More detail coming to District 203 elementary report cards
Report cards are about to get more detailed for some students in Naperville Unit District 203.
Come Nov. 8, when the first trimester closes, students at all 14 elementary schools will receive standards-based report cards sent home electronically in place of traditional report cards.
The new reporting format includes two types of grades: content grades for subjects including literacy, mathematics, science/health, social studies, art, music and physical education; and process grades that evaluate behaviors needed for successful learning.
The new report cards also include a higher level of detail within each subject. For example, a fourth-grade student's report card won't contain just one math grade, but 14 grades on various skills within math, such as writing and comparing numbers within 1 million and multiplying two-digit by two-digit whole numbers.
The changes help the district provide more complete information to parents about how their students are doing by reflecting the standards within the curriculum, educators say.
"It gives you detailed information of how well students are progressing," said Jayne Willard, assistant superintendent for curriculum and instruction. "It very much aligns with our assessment philosophy."

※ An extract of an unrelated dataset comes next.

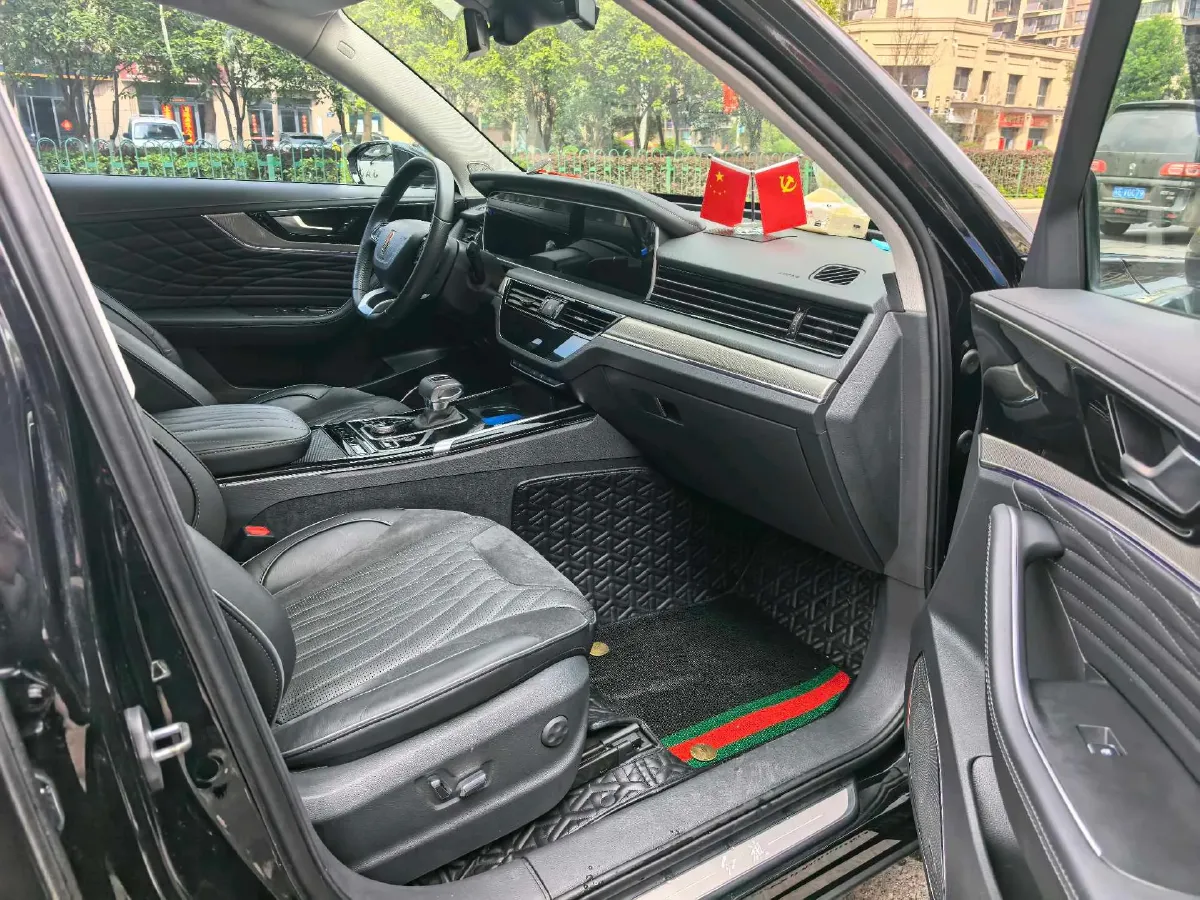 2022 HongQi HS5 2.0T 224HP L4 6AT,autocango,china used car exporter,china ev exporter,chinese used car exporter,chinese used ev exporter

Within each content area, student grades will not be A, B, C, D or F, but 1, 2, 3 or 4. On this new scale, 4 is the best and 3 is the level at which the district aims to have each student perform, Willard said.
A grade of 1, or beginning, means a student is working toward understanding, but still dependent on help from others. A 2, or approaching, means a student shows occasional independence or potential to independently meet the standard. A 3, or secure, means the student shows mastery of the standard and can use content independently. A 4, or exemplary, means a student's skill and ability to apply the content to new situations exceed expectations.
The other major change from traditional report cards is addition of process grades for eight learning behaviors. Students will be evaluated on how often they demonstrate these positive behaviors, such as organization, following directions, engagement in learning, showing self-control and demonstrating perseverance.
"Consistently" is the best grade for each process area, while "occasionally" and "seldom" are the other possible marks.
"Process gets at behavior," Willard said about the new category of grades. "Content is about curriculum."
The new report cards were tested last year at Beebe and Kingsley elementary schools in a process that led to some revisions. This year, while all elementary students will receive standards-based report cards, the format will be tested at the junior high level at Lincoln and Kennedy.
Willard said the main difference is junior high students will continue to receive letter grades each trimester, translated from the standards grades with a 3 being equivalent to an A.
Educators plan to assess feedback from the two junior highs before determining if any changes will be made to high school report cards.